A procura vai ser determinada pela postura dos investidores, ou seja, se são atraídos pelas yields elevadas ou se ficarão reticentes em comprar dívida numa altura de fraqueza.

REUTERS/Lucas Jackson

Na mesma altura em que os juros da dívida norte-americana negoceiam em máximos de vários anos, o Tesouro dos EUA vai levar a leilão um total de 99 mil milhões de dólares em dívida de curto prazo, ao longo da semana. Com o mercado de dívida pressionado pela política monetária e pelo défice no país, o ponto de inversão poderá estar próximo.

A subida das yields da dívida norte-americana, que “vai por fim a um mercado secularmente otimista”, segundo afirmou o estrategista e trader de dívida independente, Marty Mitchell, à agência Bloomberg. “Com a expetativa que o défice dos EUA exploda e o monte de dívida norte-americana a amontar, é apenas uma questão de tempo”.

A tendência começou na semana passada, com os juros a dois anos desde 2008 e das Treasuries a 10 anos em máximos de sete anos. Os máximos aliviaram esta segunda-feira e as yields terminaram o dia nos 3,054% e 2,565%, respetivamente. No entanto, a altura continua a ser crítica para o Tesouro dos EUA inundar o mercado com dívida.

O destaque vai para os 33 mil milhões de dólares a dois anos que vão ser emitidos esta terça-feira, 36 mil milhões a cinco anos, na quarta-feira, e 30 mil milhões a sete anos, na quinta-feira.

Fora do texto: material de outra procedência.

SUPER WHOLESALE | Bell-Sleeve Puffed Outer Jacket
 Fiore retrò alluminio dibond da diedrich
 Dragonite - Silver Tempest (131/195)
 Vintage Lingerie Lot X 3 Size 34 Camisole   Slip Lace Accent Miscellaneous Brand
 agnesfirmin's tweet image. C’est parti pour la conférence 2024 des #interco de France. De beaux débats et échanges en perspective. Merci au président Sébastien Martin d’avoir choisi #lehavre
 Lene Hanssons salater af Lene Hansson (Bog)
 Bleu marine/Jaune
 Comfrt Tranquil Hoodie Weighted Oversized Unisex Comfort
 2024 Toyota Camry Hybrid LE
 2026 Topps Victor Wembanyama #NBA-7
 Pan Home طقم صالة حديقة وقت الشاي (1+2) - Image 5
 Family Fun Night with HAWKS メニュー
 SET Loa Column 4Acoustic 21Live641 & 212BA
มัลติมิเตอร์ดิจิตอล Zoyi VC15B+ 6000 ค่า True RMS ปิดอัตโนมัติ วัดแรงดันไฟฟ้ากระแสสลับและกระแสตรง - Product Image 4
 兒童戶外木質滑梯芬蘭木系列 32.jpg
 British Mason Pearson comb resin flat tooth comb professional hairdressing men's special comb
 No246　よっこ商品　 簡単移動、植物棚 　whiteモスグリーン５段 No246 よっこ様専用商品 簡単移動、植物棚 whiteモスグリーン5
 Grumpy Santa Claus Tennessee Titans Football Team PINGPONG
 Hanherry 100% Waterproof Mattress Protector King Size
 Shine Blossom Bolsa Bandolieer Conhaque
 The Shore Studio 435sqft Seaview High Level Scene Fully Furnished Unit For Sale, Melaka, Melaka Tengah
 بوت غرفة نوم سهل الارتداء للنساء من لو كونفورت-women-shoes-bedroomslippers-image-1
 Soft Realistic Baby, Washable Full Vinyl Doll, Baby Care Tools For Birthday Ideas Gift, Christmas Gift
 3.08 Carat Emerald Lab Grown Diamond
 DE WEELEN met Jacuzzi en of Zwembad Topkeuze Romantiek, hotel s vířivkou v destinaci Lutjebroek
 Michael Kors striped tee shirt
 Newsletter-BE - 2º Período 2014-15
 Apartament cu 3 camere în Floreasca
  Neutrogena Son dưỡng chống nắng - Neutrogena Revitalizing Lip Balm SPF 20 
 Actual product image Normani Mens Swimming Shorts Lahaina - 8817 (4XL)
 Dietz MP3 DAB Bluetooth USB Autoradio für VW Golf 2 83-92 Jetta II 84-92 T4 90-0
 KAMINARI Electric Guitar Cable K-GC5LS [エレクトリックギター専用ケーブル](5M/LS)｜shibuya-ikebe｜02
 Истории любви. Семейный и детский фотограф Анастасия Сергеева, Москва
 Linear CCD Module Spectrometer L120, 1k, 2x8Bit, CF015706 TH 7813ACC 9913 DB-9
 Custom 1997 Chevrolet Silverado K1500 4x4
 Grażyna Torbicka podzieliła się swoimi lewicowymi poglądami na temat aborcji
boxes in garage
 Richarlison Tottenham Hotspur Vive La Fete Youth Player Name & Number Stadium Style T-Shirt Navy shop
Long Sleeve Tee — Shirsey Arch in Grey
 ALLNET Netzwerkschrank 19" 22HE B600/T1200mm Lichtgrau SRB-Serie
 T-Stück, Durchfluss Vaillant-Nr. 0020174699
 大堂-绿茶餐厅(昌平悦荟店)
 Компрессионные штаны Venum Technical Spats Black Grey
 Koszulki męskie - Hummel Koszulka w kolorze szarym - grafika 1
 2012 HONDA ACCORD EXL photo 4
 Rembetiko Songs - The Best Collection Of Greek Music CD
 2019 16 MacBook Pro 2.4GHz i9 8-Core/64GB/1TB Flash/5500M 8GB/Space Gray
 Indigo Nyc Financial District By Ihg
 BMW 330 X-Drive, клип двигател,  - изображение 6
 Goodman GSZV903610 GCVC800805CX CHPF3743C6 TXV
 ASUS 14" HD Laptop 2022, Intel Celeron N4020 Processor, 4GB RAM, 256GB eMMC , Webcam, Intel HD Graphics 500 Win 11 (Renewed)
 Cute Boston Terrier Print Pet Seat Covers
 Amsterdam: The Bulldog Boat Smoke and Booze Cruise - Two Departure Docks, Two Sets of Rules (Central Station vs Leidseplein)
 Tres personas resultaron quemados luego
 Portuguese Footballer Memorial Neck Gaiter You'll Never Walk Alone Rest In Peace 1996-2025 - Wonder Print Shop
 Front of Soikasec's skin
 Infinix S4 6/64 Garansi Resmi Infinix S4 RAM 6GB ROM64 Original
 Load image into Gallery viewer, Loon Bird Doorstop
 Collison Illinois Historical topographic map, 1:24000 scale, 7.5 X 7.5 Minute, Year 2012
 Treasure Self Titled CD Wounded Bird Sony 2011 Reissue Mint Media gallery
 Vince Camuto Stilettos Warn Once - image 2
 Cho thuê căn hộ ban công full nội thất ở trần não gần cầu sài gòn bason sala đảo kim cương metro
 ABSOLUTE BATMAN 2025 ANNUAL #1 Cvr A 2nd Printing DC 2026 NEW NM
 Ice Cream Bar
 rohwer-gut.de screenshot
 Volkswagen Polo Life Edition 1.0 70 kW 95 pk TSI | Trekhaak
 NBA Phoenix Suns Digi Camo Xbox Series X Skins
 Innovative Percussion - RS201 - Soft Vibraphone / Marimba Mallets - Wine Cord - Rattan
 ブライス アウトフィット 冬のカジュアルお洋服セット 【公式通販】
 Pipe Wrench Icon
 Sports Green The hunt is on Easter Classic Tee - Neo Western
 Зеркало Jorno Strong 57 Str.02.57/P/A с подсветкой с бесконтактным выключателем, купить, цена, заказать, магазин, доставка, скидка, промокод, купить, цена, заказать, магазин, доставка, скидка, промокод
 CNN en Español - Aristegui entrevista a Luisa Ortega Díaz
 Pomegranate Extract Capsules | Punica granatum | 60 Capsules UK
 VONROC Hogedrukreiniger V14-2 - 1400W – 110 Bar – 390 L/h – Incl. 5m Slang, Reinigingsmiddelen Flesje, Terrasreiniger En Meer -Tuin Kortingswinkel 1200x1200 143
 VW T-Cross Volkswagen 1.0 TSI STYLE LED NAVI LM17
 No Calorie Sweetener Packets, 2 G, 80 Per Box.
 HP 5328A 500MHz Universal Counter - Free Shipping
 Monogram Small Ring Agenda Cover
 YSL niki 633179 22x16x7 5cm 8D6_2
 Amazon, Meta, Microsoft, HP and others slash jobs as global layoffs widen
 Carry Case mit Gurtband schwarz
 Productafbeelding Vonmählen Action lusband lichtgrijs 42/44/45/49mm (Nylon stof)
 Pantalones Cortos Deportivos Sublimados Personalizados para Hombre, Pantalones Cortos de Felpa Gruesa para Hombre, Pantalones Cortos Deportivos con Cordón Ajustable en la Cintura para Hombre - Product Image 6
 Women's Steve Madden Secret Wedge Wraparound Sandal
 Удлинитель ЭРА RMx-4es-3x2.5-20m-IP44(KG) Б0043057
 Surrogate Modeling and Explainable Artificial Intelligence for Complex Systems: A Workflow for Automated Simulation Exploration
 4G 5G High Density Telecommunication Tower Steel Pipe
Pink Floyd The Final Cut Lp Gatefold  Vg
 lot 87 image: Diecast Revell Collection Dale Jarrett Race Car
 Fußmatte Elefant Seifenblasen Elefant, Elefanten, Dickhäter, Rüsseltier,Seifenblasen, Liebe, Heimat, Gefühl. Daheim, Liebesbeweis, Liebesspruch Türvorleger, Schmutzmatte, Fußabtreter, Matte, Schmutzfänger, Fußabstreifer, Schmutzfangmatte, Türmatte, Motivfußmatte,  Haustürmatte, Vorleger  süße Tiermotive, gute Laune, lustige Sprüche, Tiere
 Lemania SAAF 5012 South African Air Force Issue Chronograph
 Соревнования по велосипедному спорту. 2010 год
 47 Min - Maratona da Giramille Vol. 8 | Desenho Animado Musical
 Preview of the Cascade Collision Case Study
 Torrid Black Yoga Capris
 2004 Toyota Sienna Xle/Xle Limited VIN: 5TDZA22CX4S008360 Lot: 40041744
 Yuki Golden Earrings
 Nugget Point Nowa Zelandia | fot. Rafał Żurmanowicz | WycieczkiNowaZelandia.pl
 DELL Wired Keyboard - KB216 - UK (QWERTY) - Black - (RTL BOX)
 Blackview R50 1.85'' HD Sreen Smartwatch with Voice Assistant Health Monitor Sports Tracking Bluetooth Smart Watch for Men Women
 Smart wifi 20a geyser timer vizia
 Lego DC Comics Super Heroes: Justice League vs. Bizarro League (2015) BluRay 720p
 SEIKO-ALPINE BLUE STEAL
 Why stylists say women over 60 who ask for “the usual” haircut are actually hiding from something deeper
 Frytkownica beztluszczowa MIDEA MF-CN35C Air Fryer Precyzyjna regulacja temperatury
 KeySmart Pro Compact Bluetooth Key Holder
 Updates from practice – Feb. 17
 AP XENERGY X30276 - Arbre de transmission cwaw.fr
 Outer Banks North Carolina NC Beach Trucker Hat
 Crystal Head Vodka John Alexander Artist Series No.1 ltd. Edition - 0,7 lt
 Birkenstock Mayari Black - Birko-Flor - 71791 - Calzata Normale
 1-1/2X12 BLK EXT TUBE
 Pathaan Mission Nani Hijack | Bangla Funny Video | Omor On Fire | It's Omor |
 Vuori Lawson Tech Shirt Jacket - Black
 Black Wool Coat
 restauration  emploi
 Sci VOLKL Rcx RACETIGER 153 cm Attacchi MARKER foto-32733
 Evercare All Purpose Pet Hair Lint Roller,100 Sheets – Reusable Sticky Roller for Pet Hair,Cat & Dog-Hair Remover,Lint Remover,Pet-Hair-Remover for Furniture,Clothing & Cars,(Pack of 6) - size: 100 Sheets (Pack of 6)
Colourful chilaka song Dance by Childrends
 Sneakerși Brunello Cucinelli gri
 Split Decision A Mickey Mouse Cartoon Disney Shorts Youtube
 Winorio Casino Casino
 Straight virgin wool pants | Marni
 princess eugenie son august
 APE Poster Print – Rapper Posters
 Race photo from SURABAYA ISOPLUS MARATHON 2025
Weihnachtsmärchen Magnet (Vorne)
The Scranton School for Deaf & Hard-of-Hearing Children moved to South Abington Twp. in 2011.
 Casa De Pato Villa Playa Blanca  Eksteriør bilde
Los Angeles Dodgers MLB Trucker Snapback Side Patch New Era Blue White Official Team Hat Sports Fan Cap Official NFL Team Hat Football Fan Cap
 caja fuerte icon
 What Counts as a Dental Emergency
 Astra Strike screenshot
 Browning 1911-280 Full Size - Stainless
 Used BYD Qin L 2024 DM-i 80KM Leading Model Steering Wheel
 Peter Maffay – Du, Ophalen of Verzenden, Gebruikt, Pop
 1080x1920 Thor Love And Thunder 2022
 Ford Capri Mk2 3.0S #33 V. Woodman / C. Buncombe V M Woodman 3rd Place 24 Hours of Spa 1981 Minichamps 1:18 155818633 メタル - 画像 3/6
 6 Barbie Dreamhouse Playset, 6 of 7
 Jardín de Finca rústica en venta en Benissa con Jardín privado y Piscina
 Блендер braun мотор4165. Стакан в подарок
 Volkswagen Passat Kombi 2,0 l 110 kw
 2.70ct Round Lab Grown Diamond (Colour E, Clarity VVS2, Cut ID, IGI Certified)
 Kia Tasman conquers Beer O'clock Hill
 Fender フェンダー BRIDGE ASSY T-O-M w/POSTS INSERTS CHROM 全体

Entre outras emissões de títulos com menos de um ano, o total ascende a 99 mil milhões.

A procura vai ser determinada pela postura dos investidores, ou seja, se são atraídos pelas yields elevadas ou se ficarão reticentes em comprar dívida numa altura de fraqueza.

O principal fator para nervosismo é a expetativa que a Reserva Federal (Fed) altera o caminho e aumente as taxas de referência mais três vezes este ano (face à atual estimativa de duas subidas adicionais), sendo que a divulgação das minutas da última reunião de política monetária, na quarta-feira, poderão adicionar stress ao mercado. Também as preocupações sobre o défice e as crescentes necessidades de financiamento do governo estão a pesar sobre os títulos.

“Penso que vai ser realmente um braço de ferro entre os investidores que pensam que as taxas continuarão a subir mais e aqueles que entrarão num leilão para dizer que gostam das taxas onde estão”, disse Gennadiy Goldberg, estrategista de taxas de juros da TD Securities, à Reuters.